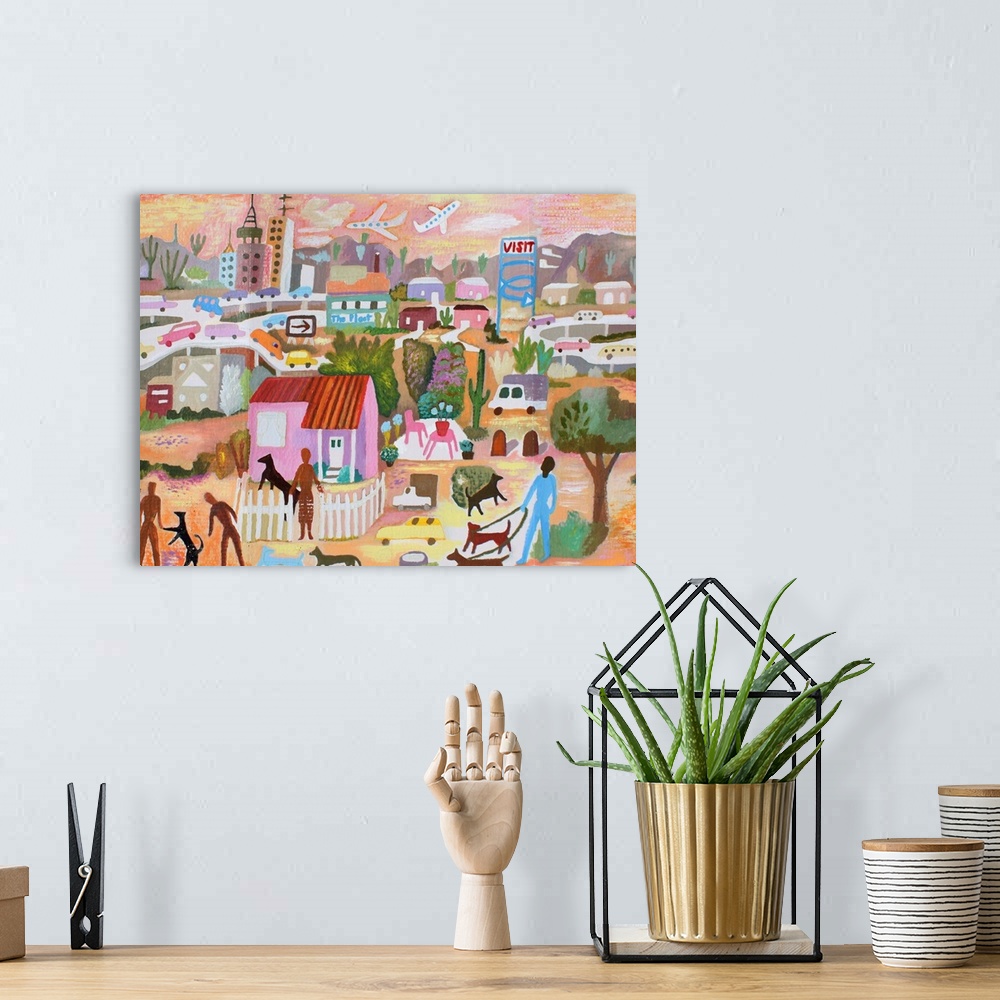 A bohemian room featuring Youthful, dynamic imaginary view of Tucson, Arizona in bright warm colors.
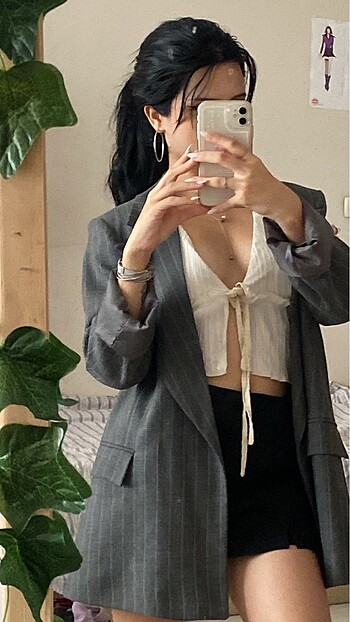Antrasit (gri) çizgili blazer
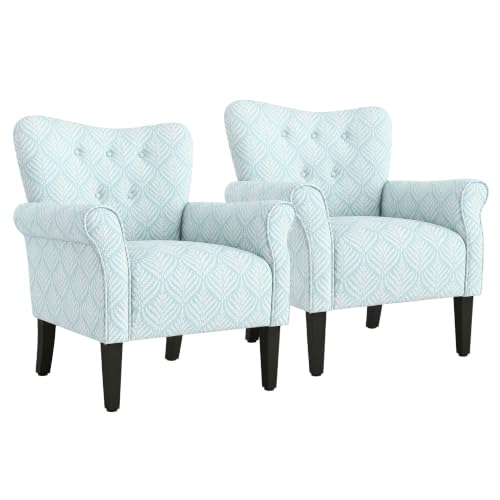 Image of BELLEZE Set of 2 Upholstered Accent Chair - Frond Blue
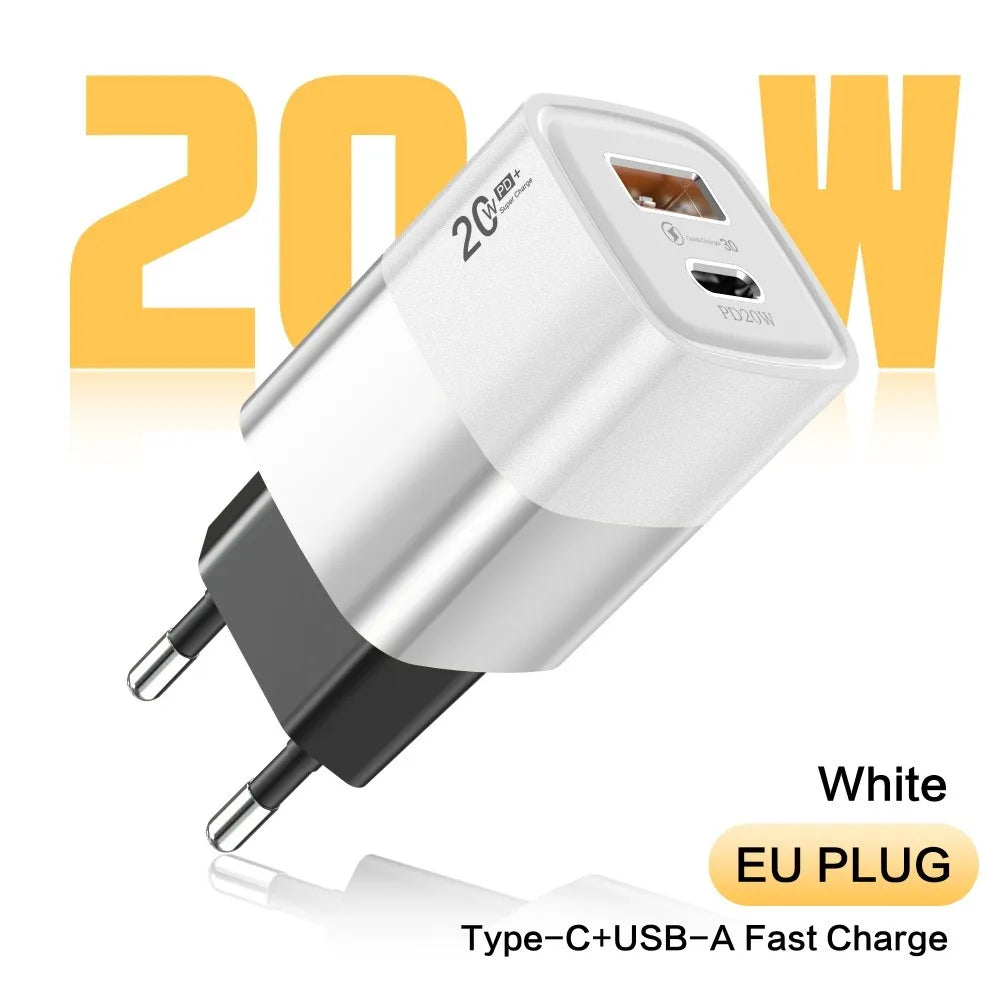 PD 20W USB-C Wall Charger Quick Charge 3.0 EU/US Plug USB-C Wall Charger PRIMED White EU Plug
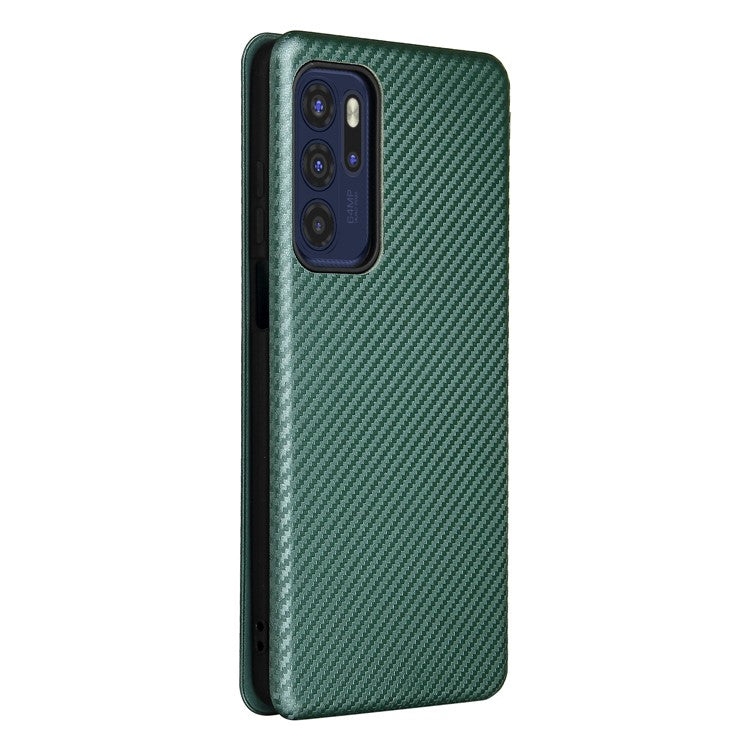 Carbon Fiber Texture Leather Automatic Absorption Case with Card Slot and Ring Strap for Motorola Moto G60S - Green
+-------+
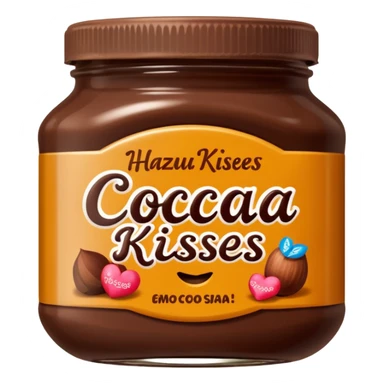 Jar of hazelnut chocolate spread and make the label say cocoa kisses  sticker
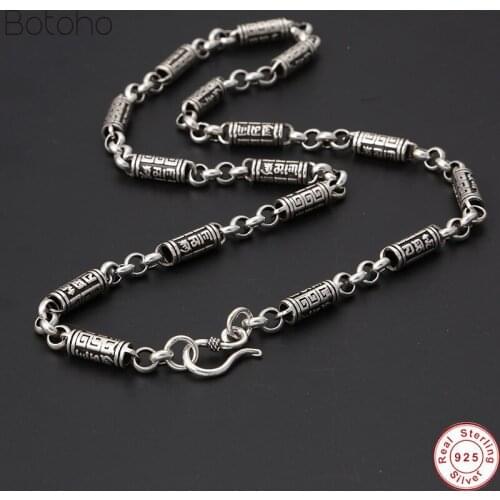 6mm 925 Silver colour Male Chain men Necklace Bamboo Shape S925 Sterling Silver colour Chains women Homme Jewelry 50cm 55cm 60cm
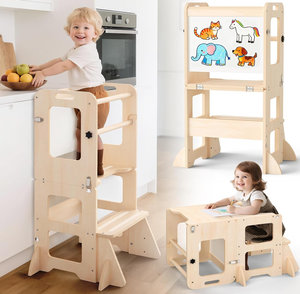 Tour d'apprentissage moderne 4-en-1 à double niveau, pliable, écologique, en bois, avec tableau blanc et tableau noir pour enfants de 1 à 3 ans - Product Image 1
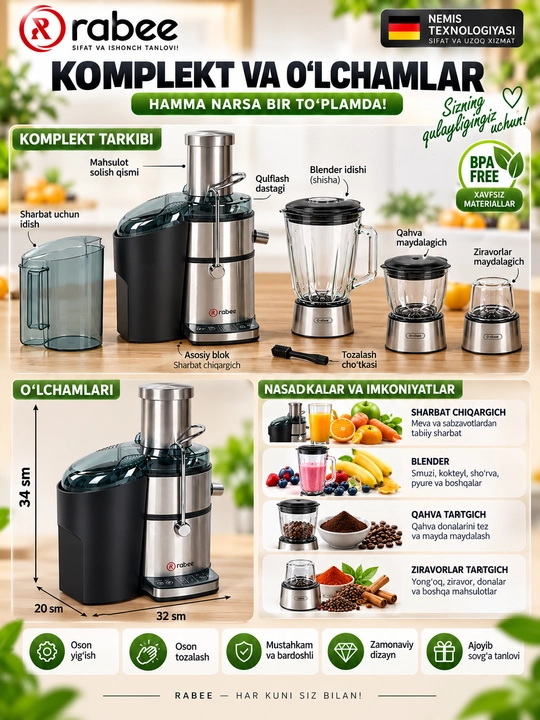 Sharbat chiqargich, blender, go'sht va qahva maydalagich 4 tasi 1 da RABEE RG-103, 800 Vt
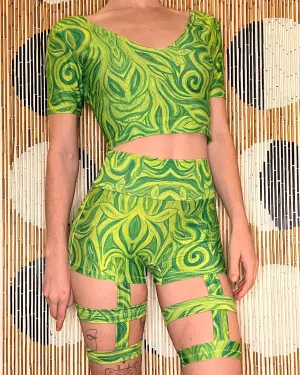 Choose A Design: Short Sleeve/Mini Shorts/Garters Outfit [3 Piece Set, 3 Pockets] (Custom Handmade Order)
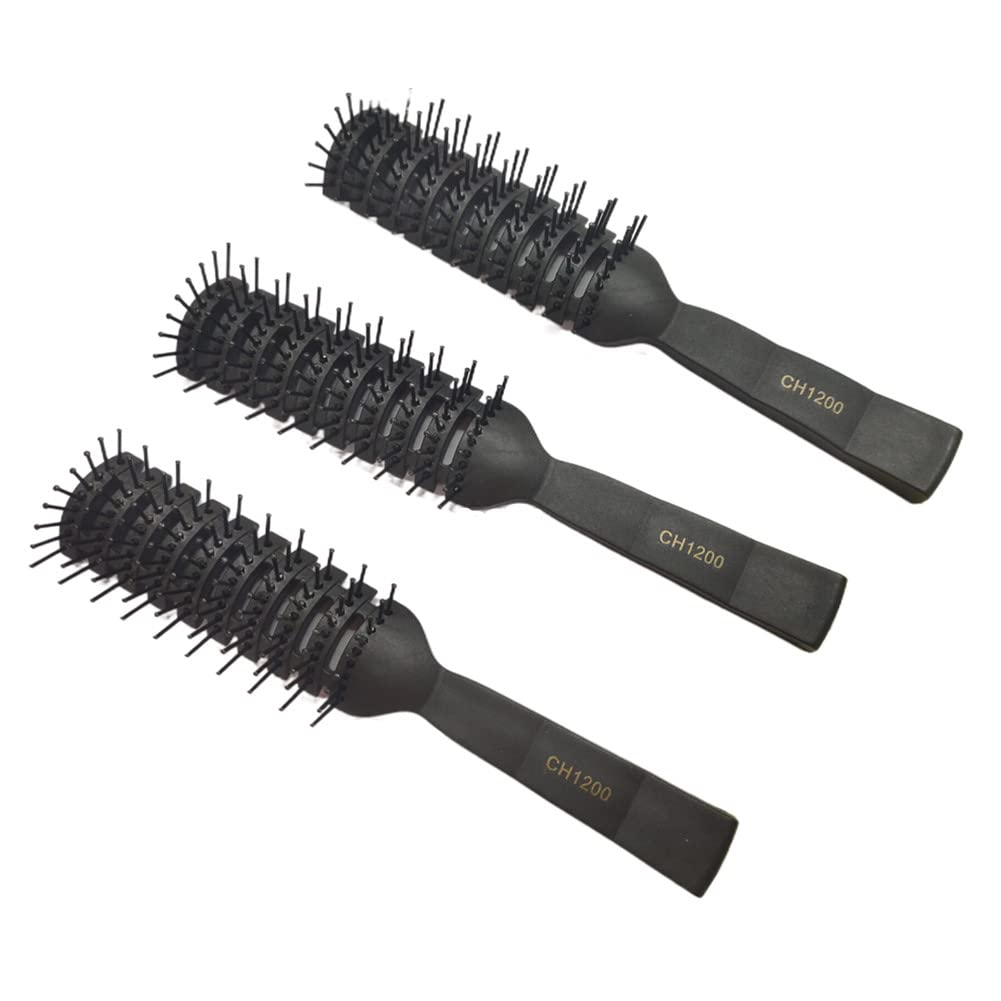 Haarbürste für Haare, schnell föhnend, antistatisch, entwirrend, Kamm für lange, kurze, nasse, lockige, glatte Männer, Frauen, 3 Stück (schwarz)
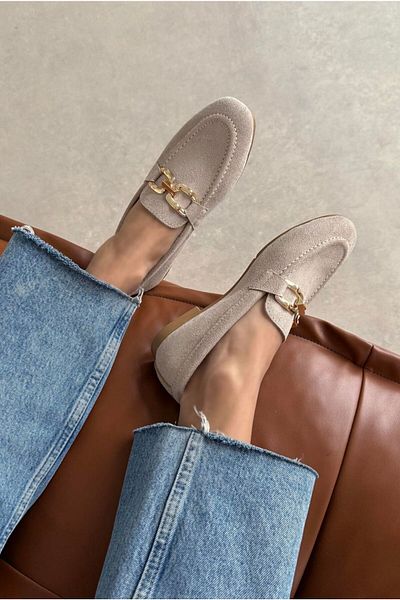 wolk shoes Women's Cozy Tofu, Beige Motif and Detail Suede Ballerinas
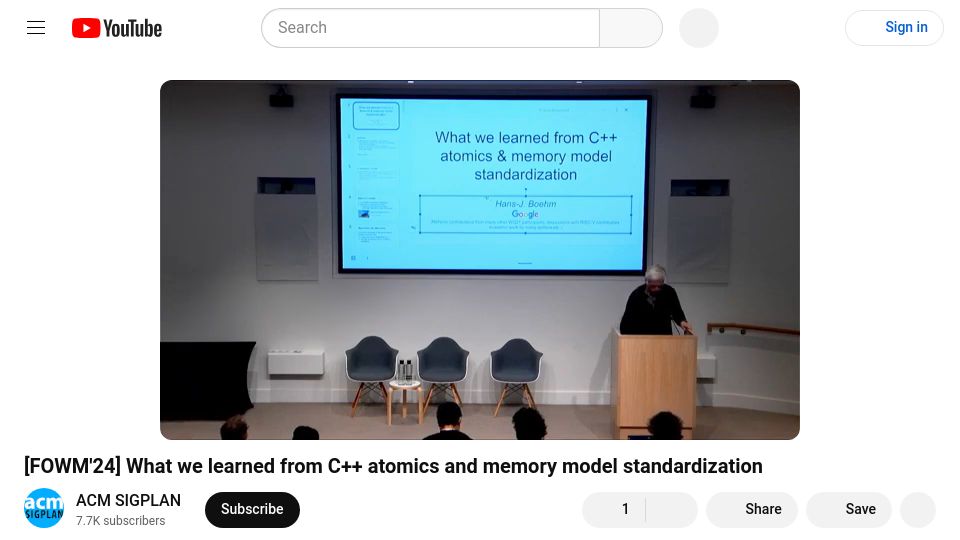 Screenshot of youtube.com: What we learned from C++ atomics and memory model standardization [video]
+-------+
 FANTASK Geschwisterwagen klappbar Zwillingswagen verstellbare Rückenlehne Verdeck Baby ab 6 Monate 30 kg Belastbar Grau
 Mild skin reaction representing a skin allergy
+-------+
Goal of the exercise: From the line holding "A bohemian room" to the line holding "Carbon Fiber Texture", both included, retype the entries above exactly and drop the pictures.

Answer box:
 A bohemian room featuring Youthful, dynamic imaginary view of Tucson, Arizona in bright warm colors.
Antrasit (gri) çizgili blazer
 Image of BELLEZE Set of 2 Upholstered Accent Chair - Frond Blue
 PD 20W USB-C Wall Charger Quick Charge 3.0 EU/US Plug USB-C Wall Charger PRIMED White EU Plug
 Carbon Fiber Texture Leather Automatic Absorption Case with Card Slot and Ring Strap for Motorola Moto G60S - Green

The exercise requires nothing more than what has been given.